Federal Court: Rule of Law 1, Biden 0
Under Joe Biden, America won't just run out of oil -- it'll run out of ink! The new president has been so busy signing executive orders that he's probably at risk of carpal tunnel syndrome. Amazingly, the man who told George Stephanopoulos "you can't use executive orders unless you're a dictator," doesn't seem to have any use for the democratic process so far.
From transgenderism in the military and schools to the forced-masking of citizens, Americans are having trouble keeping up with the new president. In a flurry of executive power grabs that's putting Barack Obama to shame, Biden is on pace to sign more orders in two weeks than Donald Trump did in 100 days. It's a stunning reversal from the last four years, when liberals and their media echo chambers bashed the GOP administration for "ruling by fiat" only to embrace five times as many mandates from Biden.
"We have three branches of government for a reason," Freshman Rep. Lisa McClain (R-Mich.) fired back on "Washington Watch." "President Biden needs to work with Congress if he truly means what he says about uniting the country and working together. Stop with the executive orders, and let's use the process and the systems of government that we've had in place for over 200 years. It's just not the way to govern -- and it's definitely not the way to lead."

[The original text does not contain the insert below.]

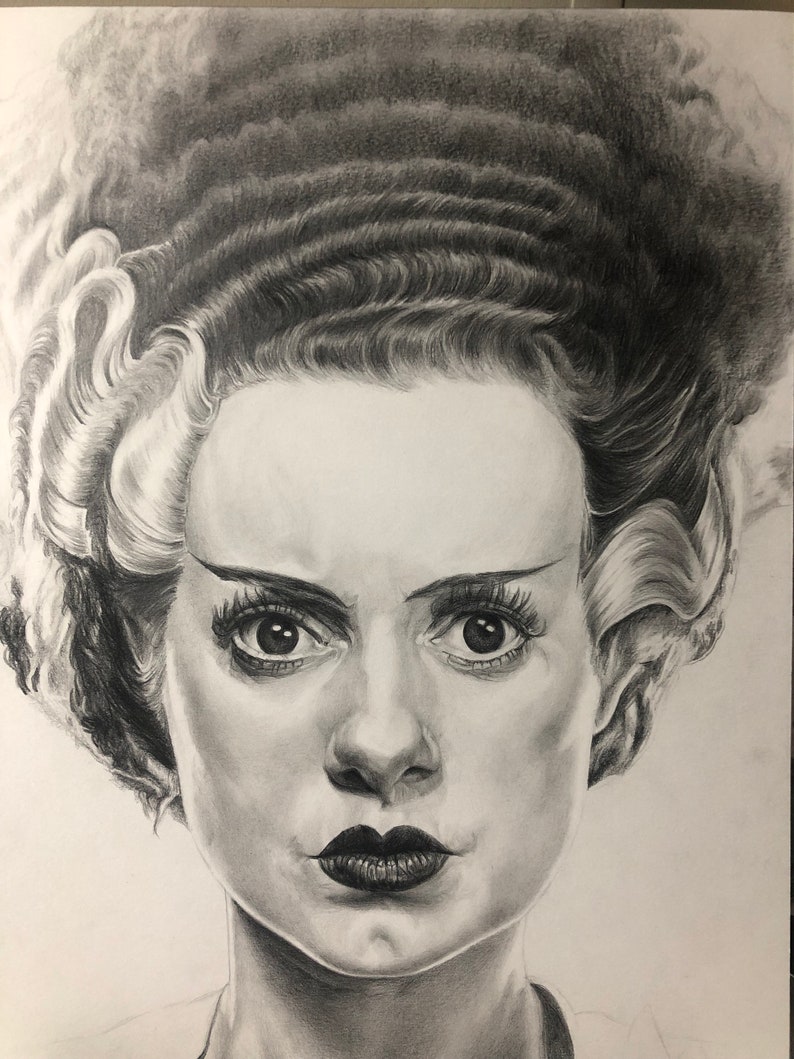 Peut inclure: Un dessin au crayon graphite repr&eacute;sentant une personne avec une coiffure haute et volumineuse, marqu&eacute;e par des m&egrave;ches blanches sur les c&ocirc;t&eacute;s. Le sujet a des sourcils arqu&eacute;s, de longs cils et des l&egrave;vres sombres, dans un style r&eacute;aliste.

The deluge of EOs is even more revealing when you consider the current Congress. Biden's race to issue policies without the House or Senate shows his unwillingness to work within the system -- which, oh-by-the-way, Democrats control! Maybe he's concerned about his party's razor-thin majorities in Congress. Yes, the Democrats control the gavels in both chambers, but their shrinking ranks won't be so eager to embrace the extremism that lost them so much ground in November. If he's worried that the legislature won't rubber stamp his priorities -- unpopular moves like raising energy prices, killing jobs, radicalizing the military, and transgendering our bathrooms won't pass, he's probably right.
But only a weak leader with no intentions of consensus-building would kick off his term this way. And the media, apparently, has no intentions of holding the new administration to the lofty rhetoric they spoke -- and abandoned -- on the steps of the U.S. Capitol. But then, as Rep. McClain pointed out, the press isn't in the news reporting business -- not anymore. "[They're] in the entertainment business... Whatever happened to just reporting the facts?" The same thing that happened to the Washington Post's fact-checking project: it all disappeared when the narrative was inconvenient.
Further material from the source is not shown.